Just days before Terra Livre began, members of Brazil’s powerful, agribusiness-driven political block – known as ruralistas – forced the head of the country’s indigenous agency (FUNAI) to resign and appointed Wallace Moreira Bastos, a conservative pastor and businessman with no experience in indigenous affairs, to administer this key institution.

“We’ve never heard of this person, we don’t know him, but the main problem is that he’s been selected by politicians opposed to what FUNAI should have as its mission: to serve the interests of indigenous peoples as guaranteed by the constitution,” said Dinamā Tuxá, from the Association of Brazil’s Indigenous Peoples (APIB). “For us, it means the complete undoing of the indigenous agency.”

Marching upon the office of Attorney General Grace Mendonça, indigenous leaders demanded that her office cease its specious legal attacks against their right to titled territory. In a hearing they called on her to immediately revoke her office’s “Opinion 001,” an edict issued in January that directs FUNAI to only recognize the land claims of native peoples who have continuously occupied their territories since the 1988 Constitution was enshrined. Among other nefarious implications, the directive ignores common situations in which communities were brutally driven off their lands before that date, therefore losing the ability to claim titles for their ancestral territories.

Known as the “time limit” clause, the Attorney General’s move paralyzes 748 pending requests to title tribal lands while also stripping indigenous peoples of their constitutional rights to permanent and exclusive use of their territories by claiming these rights cannot overrule “national interests” such as military operations and infrastructure development.

Pushing back against this incendiary agenda, Terra Livre assembled many voices that shared a common vision in defense of indigenous territorial rights and that offered concrete proposals for an alternative development paradigm not based on exploitative policies. In their “Map of Life,” the Amazon’s Munduruku people brought a beautiful testament of their longstanding resistance to the destruction of their ancestral lands on the Tapajós River. In a rally at the Palace of Justice, Munduruku people introduced their cultural and territorial mapping protect to the public with the goal of pressuring the government to carry out its constitutional duty to title and protect their rainforest home.

This year’s Terra Livre also saw the prominent participation of indigenous women, who opened the week’s activities with a packed assembly focusing on political engagement, the struggle for land, healthcare, and culturally appropriate education.

“I see many women here in the plenary, accompanying indigenous policy [discussions]. It wasn’t like this before,” said Suzana Xokleng, a veteran in the struggle for native rights. “We are the grandmothers and great-grandmothers and we are here. We will unite, we women, to care for our traditional territories!”

In a final act of powerful symbolism, Terra Livre‘s last march traced a long streak of red paint down the Avenue of the Ministries to represent the blood spilled by indigenous land defenders killed for protecting their territories.
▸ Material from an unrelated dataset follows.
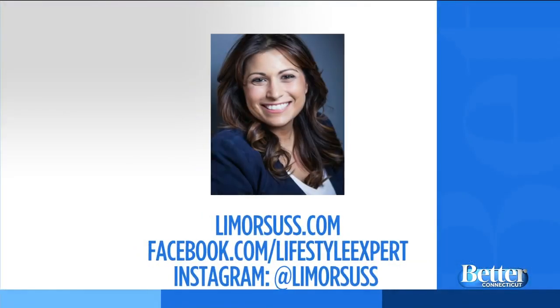Thank you so much for these ideas. For more fun recipes and craft ideas, visit LeymarSuss.com and follow her on Facebook or Instagram. We'll also have this video on BetterCT.com if you want to look back for reference while you're preparing.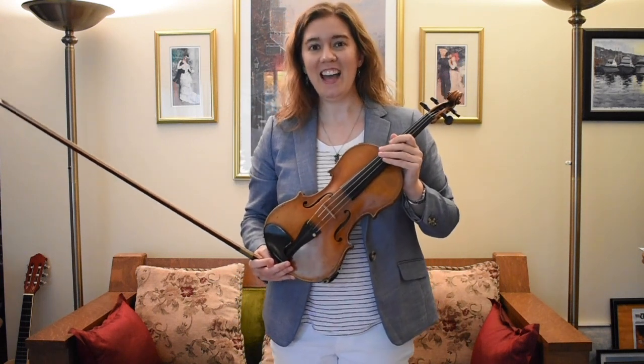And all the string instruments, you can do those three things to as well. I hope you enjoyed this, and I hope you pick the violin — you can do it!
Marchers unfurled a banner at the head of the march reading “End Indigenous Genocide” to the chant of “FUNAI belongs to indigenous people, not the ruralistas!”
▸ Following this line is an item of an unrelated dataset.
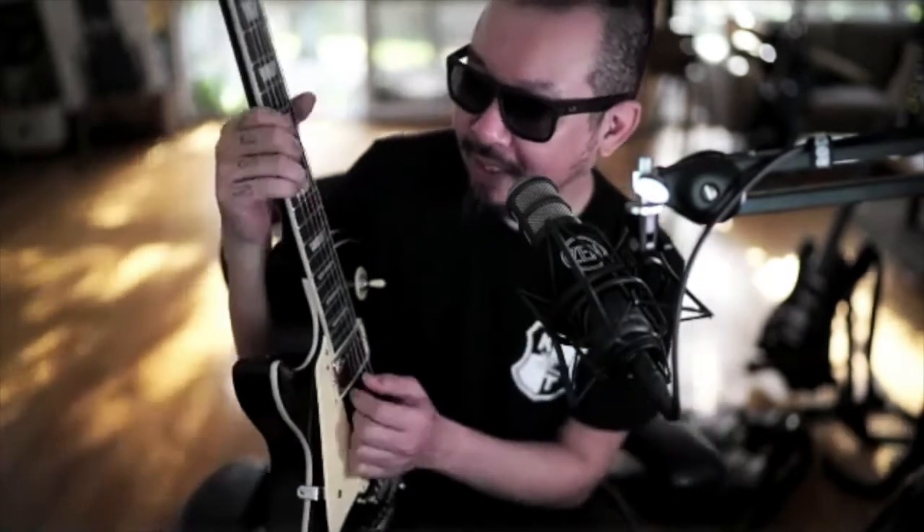Bad intonation takes a few seconds to fix - I don't understand why people make such a big deal out of it. But having to muck around with action on a brand new Gibson that costs you three or four grand - that's not very cool. The action on this is really low and the neck is really thin. I love it.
“This trail of ‘blood’ … represents all the violence imposed by the state on this country’s original inhabitants through the slow pace at which our land is being titled, among other attacks,” said the leader Marcos Xukuru. “Many murders are taking place, along with the cruel criminalization of our leaders. But in spite of this, we, indigenous peoples, will always go on resisting and fighting for our rights, as our ancestors and our warriors have taught us to do.”

Last week’s mobilization was a shining example that spirited resistance is alive and well even in the dark days of the presidency of Michel Temer. This resistance provides a critical counterweight to growing repression and environmental devastation and deserves ample support, from local to global levels, to send a firm message to the Brazilian government: attacks on indigenous rights will not be tolerated.